SSTable: immutable, sorted, sealed

When the MemTable hits its size budget, it is sealed (made immutable) and a fresh one takes over. A background flush worker drains the queue of immutable MemTables into SSTables on disk.

An SSTable is just three things glued together:

1
2
3

+----------+-----------------+--------+-------+--------+
| header   | data blocks ... | bloom  | index | footer |
+----------+-----------------+--------+-------+--------+

The block layout has its own dedicated post; for the minimum loop you just need to know that an SSTable is sorted, immutable, and has a sparse index so a point lookup is one binary search plus one block read.
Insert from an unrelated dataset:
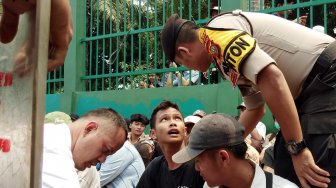 Sejumlah pelajar Sekolah Tingkat Menengah (STM) dijemur oleh petugas kepolisian di depan Gedung DPR-MPR, Jakarta, Rabu (25/9). [Suara.com/ Ria Rizki]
What the read path looks like

sequenceDiagram
    participant C as Client
    participant K as KV
    participant MT as Active MemTable
    participant L as LSM (levels)
    C->>K: Get(key)
    K->>MT: Lookup
    alt found
        MT-->>C: value
    else miss
        K->>L: Lookup (newest level first)
        L->>L: bloom filter
        L->>L: block index → block read
        L-->>C: value or NotFound
    end

Newer always wins because we walk from MemTable → L0 → L1 → … → Ln, and within each SSTable the sequence number breaks ties.
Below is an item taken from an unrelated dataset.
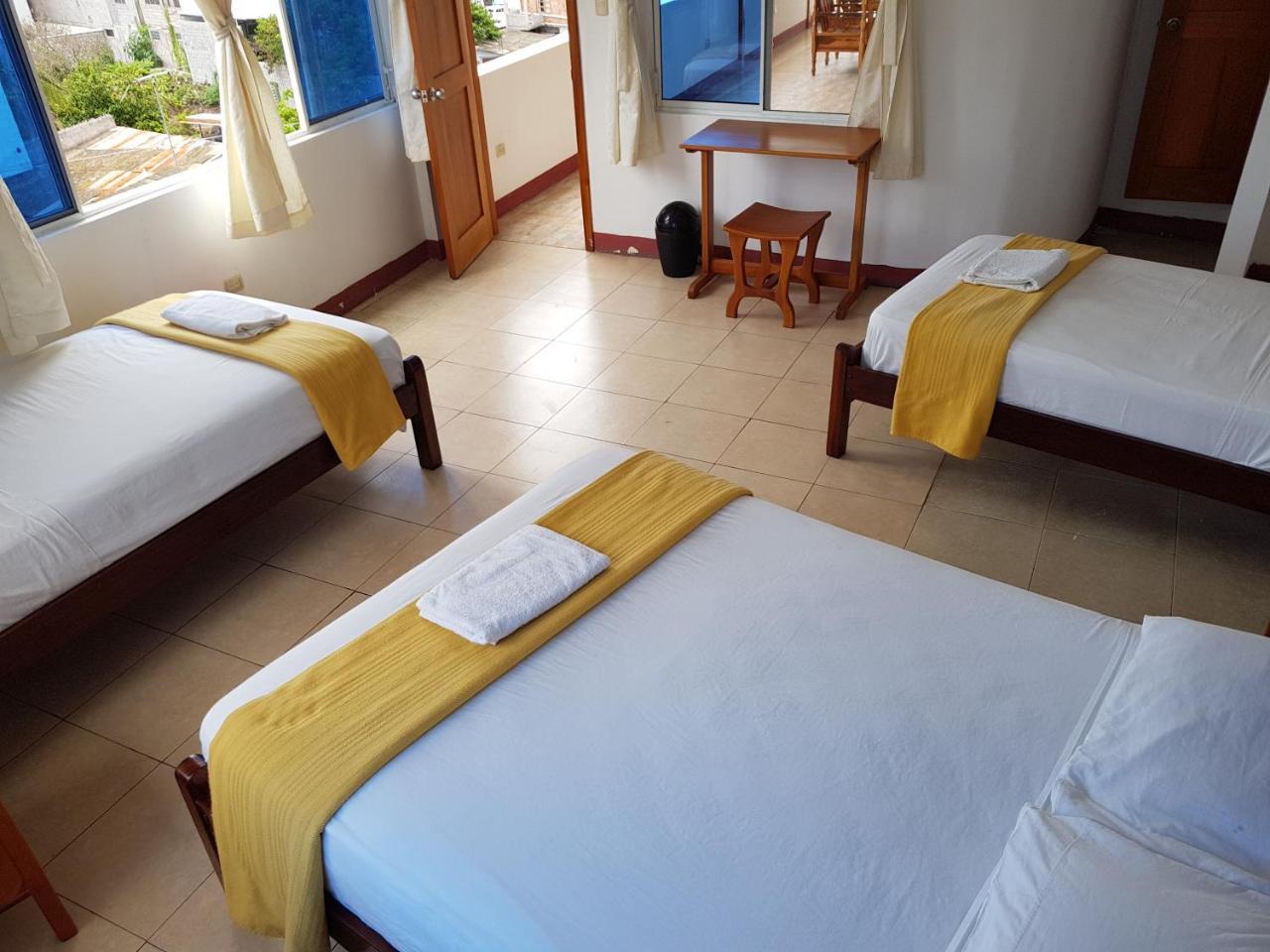 Gloria - Galápagos Inn Puerto Ayora  Exterior foto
What you do not need on day one

Things MiniKV grew later, none of which the minimum loop needs:

A MANIFEST log — you can rebuild the live SSTable set from a directory scan until you care about atomic flush commits.
A block cache — first build it correct, then measure, then cache.
Compaction strategies — a single “merge L0 when it has K files” rule gets you running.
Snapshots, transactions, TTL, replication — all bolt onto the loop above without changing it.

Verifying the invariant

The one test that matters more than all the others is the crash test: write something, ack it, kill the process with SIGKILL, restart, read it back. MiniKV’s version of that test lives in tests/faultinject_test.go and is the subject of its own post. If that test passes, your WAL works. If it doesn’t, nothing else matters.